I always wanted to be an agent. As the daughter of top Australian fashion model Nola Clark and actor Tony Bonner, our lives revolved around ‘The Agent.’ The most exciting part of the day in our house was when this magical person rang and gave my parents the good news about which jobs they had booked. The excitement it generated was amazing, and I knew I wanted to be the person who made that phone call.
I began working as an agent in my mum’s own model agency in Noosa when I was 16. I became a junior booker at a top model agency in Melbourne when I was 19 and by 21, I was running their commercial division.
Around that time I noticed that ‘plus size’ clients only used older mumsy models. As a young fashionable size 14, I couldn’t identify with those models, so I asked my boss if he would put me on the books as a plus size model. Within a short period of time, I was modelling all over Australia and internationally.
I took time off to model full time but I missed the excitement of helping creative people fulfill their dreams. I was approached to manage a top photographic agency, which I took up. I loved it and was privileged to help start the careers and represent some of our most well known photographers, hair and makeup artists and stylists.

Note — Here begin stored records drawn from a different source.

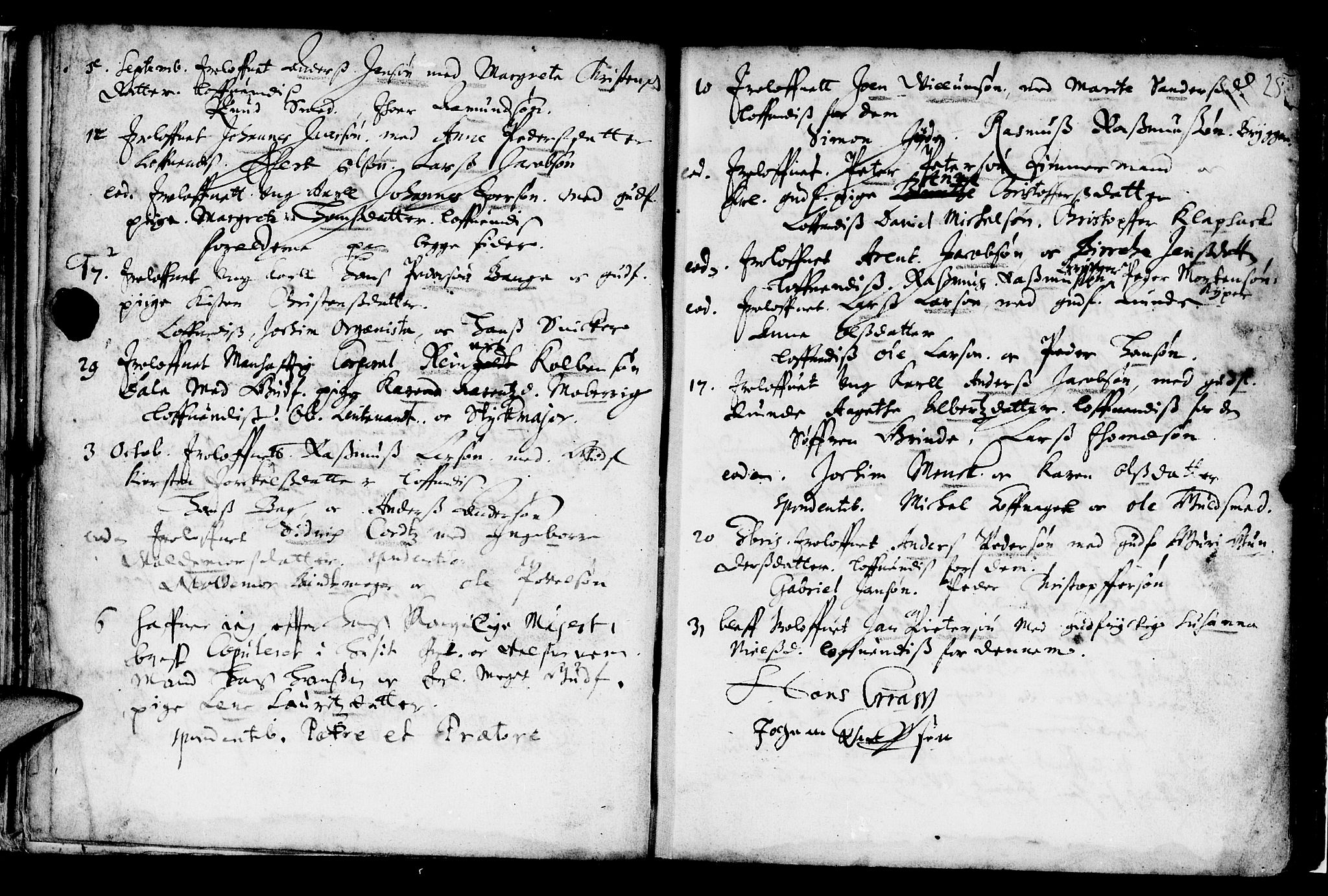 Domkirken sokneprestembete, AV/SAB-A-74801/H/Haa/L0006: Parish register (official) no. A 6, 1663-1683, p. 25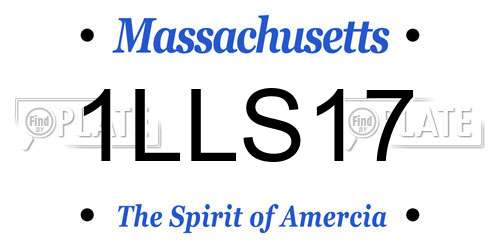 1LLS17 Massachusetts License Plate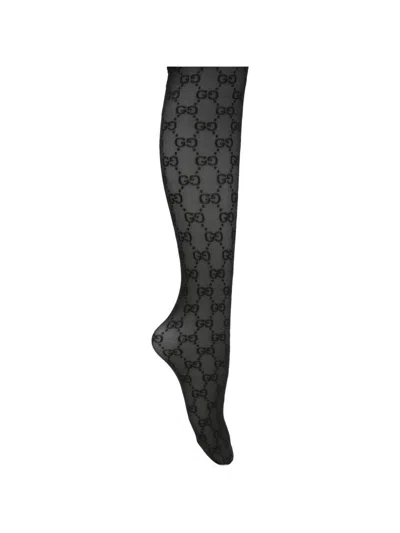 Gucci Gg Socks In Black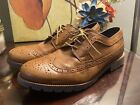Rockport Wingtip Brown Derby Oxford Shoes Adiprene Adidas Insoles Men’s Size 11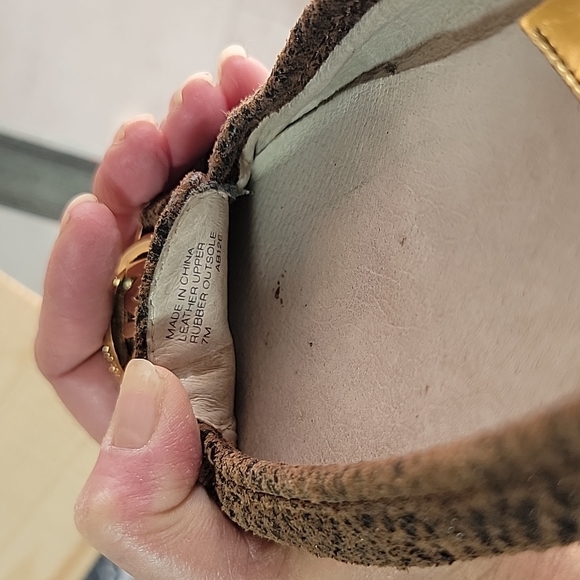 Michael Kors sz7 Leather Snakeskin Texured Ballet Flats - Picture 8 of 8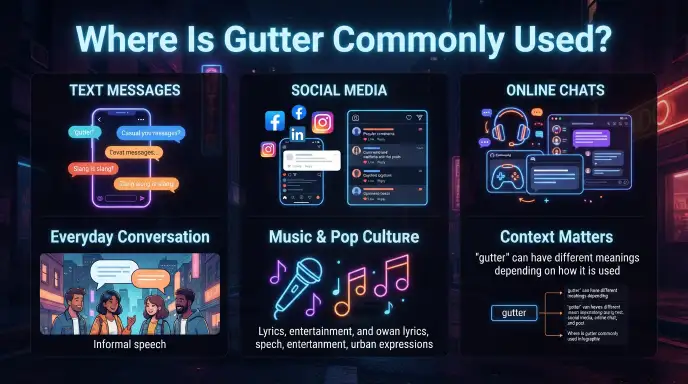 Where Is Gutter Commonly Used?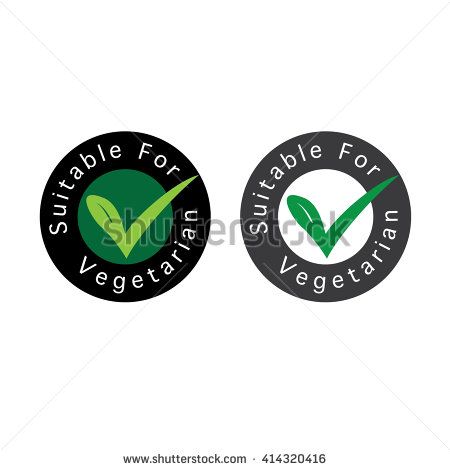 450x470 Suitable For Vegetarian Symbol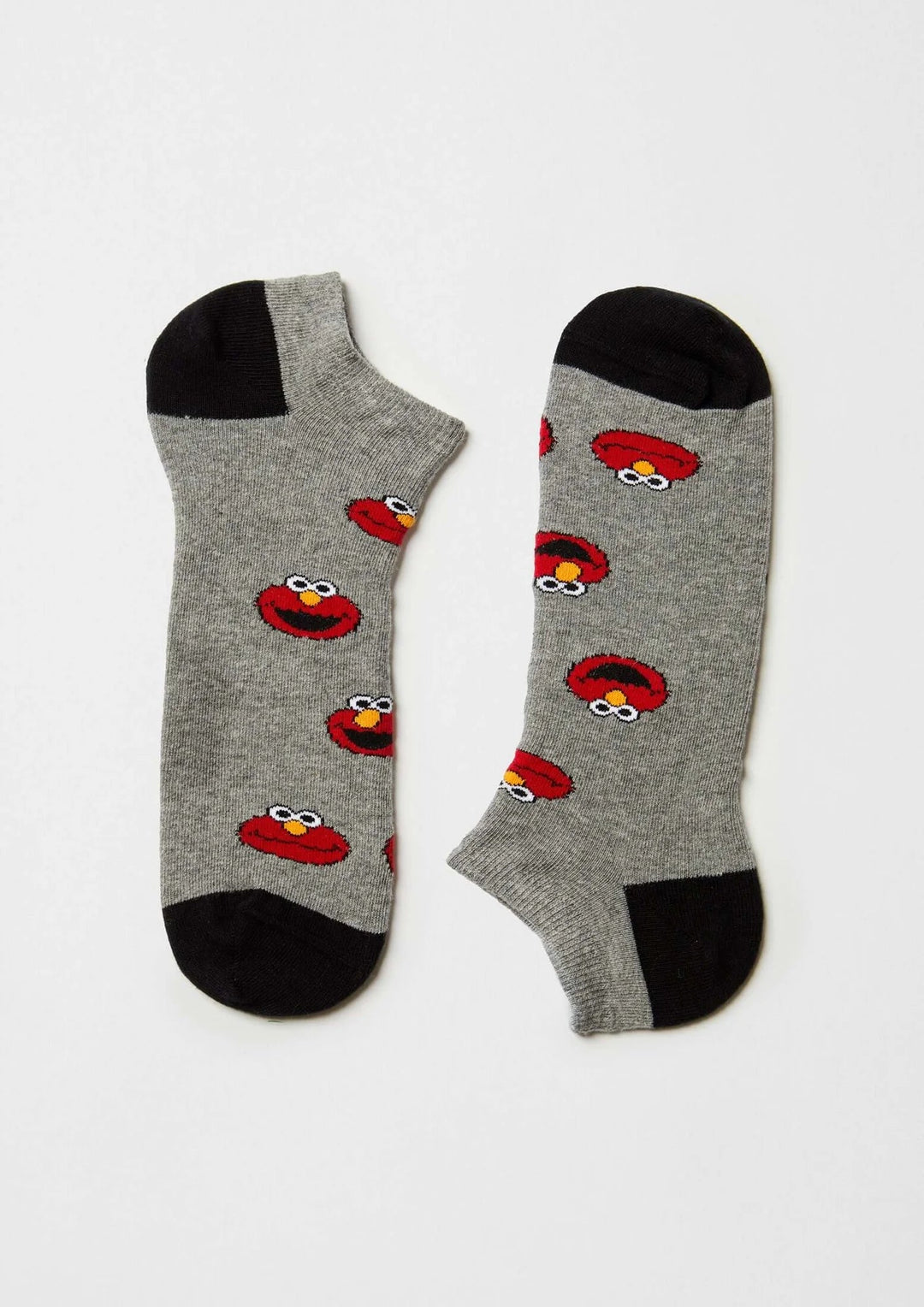 Calcetines Tobilleros BeSesameStreet Elmo Gris - Olokuti
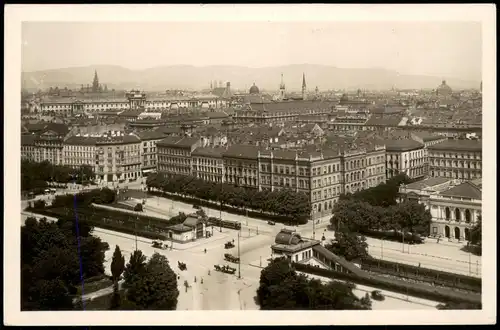 Ansichtskarte Wien Stadt Panorama Ausblick v. Karlskirche 1930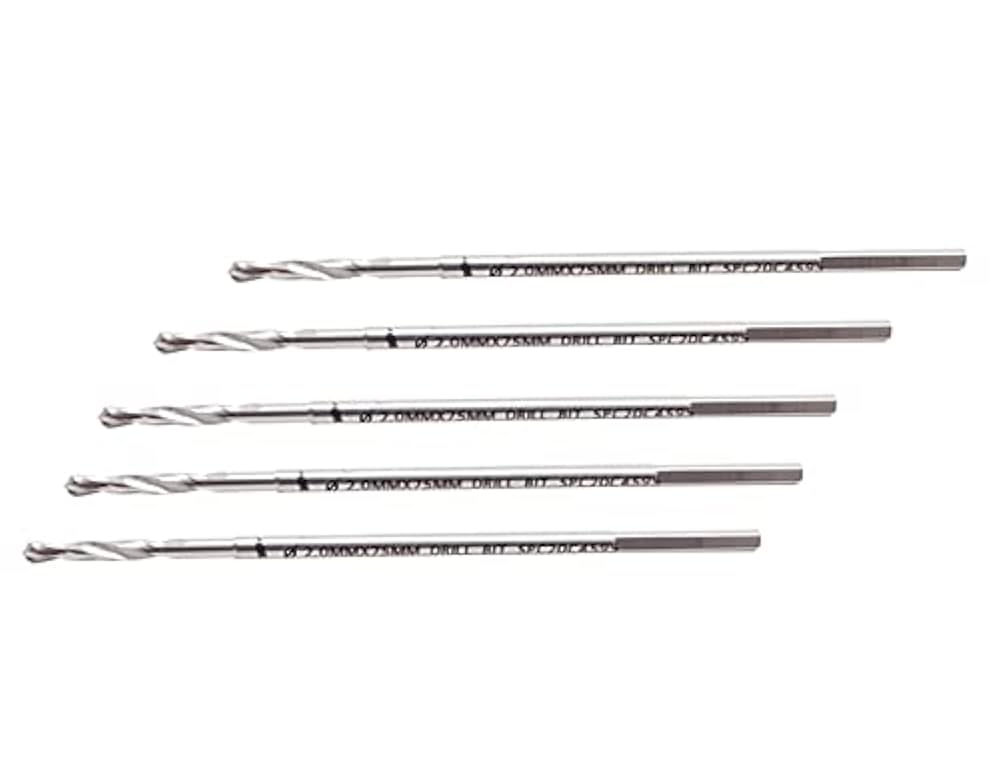 CPN Orthopedic Mandible Drill Bit 2.0mm x 75mm Surgical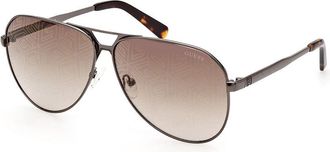 Guess GU00069 08F Mens Sunglasses Gunmetal Size 63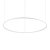 Ideal Lux 285078 ORACLE SLIM závěsné svítidlo LED D1500mm 89W/5720lm 4000K bílá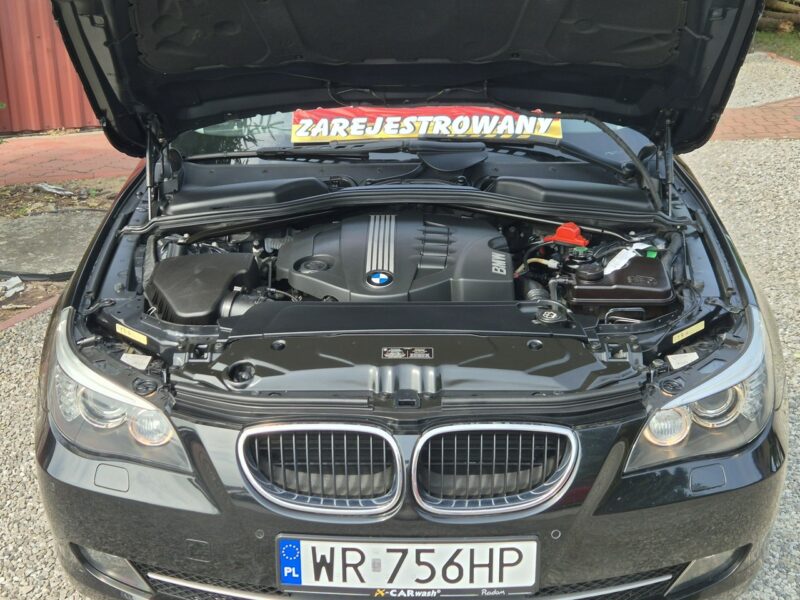 BMW 520 BMW 520D 177KM 2009R, 1 Właściciel Tylko 172tyś km, Stan Wzorowy E60 (2003-2010)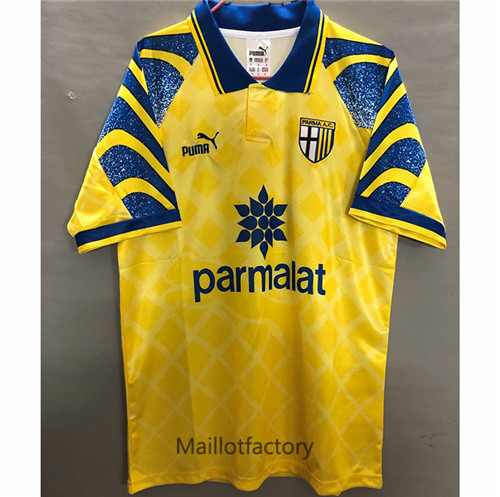 Achat Maillot du Retro Parma Calcio 1995-97 Jaune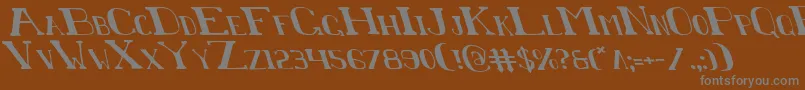 ChardinDoihleLeftalic Font – Gray Fonts on Brown Background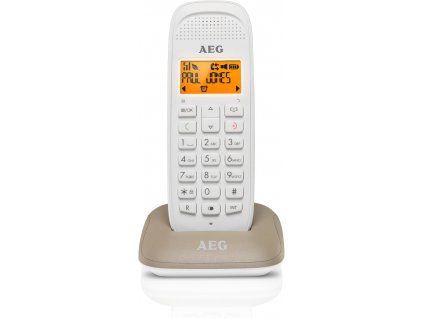Bezdrátový telefon AEG Voxtel D81 / 1GB / 1,6" (4 cm) / bílá/béžová / POŠKOZENÝ OBAL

The one thing I hated about my job was that I witnessed so many disturbing habits that models formed to keep them from eating, from drugs and purging food, to excessive exercise and binge-ing. However it was only when my own sister began a five-year battle with anorexia and bulimia that I realised what I was a part of and how it affected women, not just in the industry, but every women who saw these images.
In the worst grip of her illness, my sister at 5’7 and 45 kilos looked me dead in the eye and said she would kill herself if she was as big as me at size 14.
It wasn’t long after that that I had my epiphany. I could combine all my knowledge as an agent and a model and focus it on helping women, by changing the perception of beauty, to help to redefine what was considered attractive and fashionable.
And so I started BELLA, a fashion model agency for healthy, realistic sized models starting from a size 10 and ending at what we considered a maximum healthy weight was for each individual model, normally a size 16. The term plus size is a way to differentiate the kind of model we represent. Just like a petites or commercial division, it’s a descriptive term the industry uses, but many people don’t understand that a plus model is size 10 plus. We are not talking about morbidly obese women. Most Vogue readers would be considered plus size by the modelling industry, but not at all in every day life. And so my goal was to provide models that represent the majority of Australian women, not the minority.
My hope was that by introducing the fashion world to the idea of using models who are still extraordinarily beautiful, in proportion and most importantly healthy, that no women will ever feel that they would rather be dead than not look like the majority of the models in our magazines, who represent at best one per cent of the population in dress size and who, for the most part, struggle desperately to stay that size themselves.
Top Comments
I am doing a speech at school about this particular topic and I found this information very helpful. Thank you. I find this shocking as a school aged girl. I am told I am skinny, I am a size 8-10 and therefore could be classed as a plus size model... yet I am one of the skinnier ones at school. This can not go on and I am glad there are people out there making models of normal sized healthy girls and women.